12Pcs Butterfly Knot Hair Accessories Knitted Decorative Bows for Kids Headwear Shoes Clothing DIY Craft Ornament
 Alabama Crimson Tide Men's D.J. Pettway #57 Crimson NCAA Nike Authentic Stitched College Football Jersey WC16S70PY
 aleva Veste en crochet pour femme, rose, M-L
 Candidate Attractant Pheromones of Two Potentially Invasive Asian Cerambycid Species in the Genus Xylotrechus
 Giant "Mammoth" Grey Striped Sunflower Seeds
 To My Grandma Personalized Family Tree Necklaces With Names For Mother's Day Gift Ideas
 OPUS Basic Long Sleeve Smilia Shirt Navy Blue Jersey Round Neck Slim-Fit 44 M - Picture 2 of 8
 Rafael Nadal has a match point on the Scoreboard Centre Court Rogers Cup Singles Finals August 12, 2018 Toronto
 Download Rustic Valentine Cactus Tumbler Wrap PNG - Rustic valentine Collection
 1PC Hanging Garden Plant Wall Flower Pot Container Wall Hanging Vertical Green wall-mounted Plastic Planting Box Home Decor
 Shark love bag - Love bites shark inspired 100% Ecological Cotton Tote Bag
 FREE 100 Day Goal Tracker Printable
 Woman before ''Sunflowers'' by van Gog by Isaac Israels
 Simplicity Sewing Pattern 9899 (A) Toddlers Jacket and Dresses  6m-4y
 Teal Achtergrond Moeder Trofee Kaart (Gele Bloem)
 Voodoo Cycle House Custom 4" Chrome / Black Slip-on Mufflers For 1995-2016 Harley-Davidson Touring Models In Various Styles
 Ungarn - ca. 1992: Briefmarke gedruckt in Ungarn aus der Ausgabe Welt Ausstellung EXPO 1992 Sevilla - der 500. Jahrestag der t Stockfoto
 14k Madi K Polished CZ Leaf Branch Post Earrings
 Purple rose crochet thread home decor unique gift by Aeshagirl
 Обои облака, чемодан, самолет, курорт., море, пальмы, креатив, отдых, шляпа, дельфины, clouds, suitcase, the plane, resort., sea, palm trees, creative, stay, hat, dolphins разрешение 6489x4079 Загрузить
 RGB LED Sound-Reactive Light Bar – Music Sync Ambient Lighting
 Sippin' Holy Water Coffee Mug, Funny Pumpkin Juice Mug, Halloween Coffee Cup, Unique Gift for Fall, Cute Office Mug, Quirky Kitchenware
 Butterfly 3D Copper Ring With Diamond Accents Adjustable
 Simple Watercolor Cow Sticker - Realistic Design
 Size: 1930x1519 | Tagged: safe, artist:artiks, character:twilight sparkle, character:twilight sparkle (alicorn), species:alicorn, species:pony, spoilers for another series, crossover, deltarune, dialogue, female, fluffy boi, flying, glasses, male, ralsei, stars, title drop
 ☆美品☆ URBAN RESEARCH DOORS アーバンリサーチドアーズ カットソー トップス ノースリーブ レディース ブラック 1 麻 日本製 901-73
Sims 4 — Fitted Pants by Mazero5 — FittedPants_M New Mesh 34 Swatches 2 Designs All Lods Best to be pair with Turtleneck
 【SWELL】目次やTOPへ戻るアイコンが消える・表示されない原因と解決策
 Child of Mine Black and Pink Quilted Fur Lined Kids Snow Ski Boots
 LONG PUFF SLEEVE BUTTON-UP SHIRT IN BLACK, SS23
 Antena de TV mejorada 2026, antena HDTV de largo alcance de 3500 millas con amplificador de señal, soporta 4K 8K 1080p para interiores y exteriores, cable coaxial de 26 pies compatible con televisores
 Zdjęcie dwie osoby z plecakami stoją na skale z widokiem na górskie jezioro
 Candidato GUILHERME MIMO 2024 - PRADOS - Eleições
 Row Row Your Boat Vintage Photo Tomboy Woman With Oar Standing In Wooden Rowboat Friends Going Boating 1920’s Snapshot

|---|

Search the records for the string "Woman", and copy every line that holds it.

**Task result**.
 Woman before ''Sunflowers'' by van Gog by Isaac Israels
 Row Row Your Boat Vintage Photo Tomboy Woman With Oar Standing In Wooden Rowboat Friends Going Boating 1920’s Snapshot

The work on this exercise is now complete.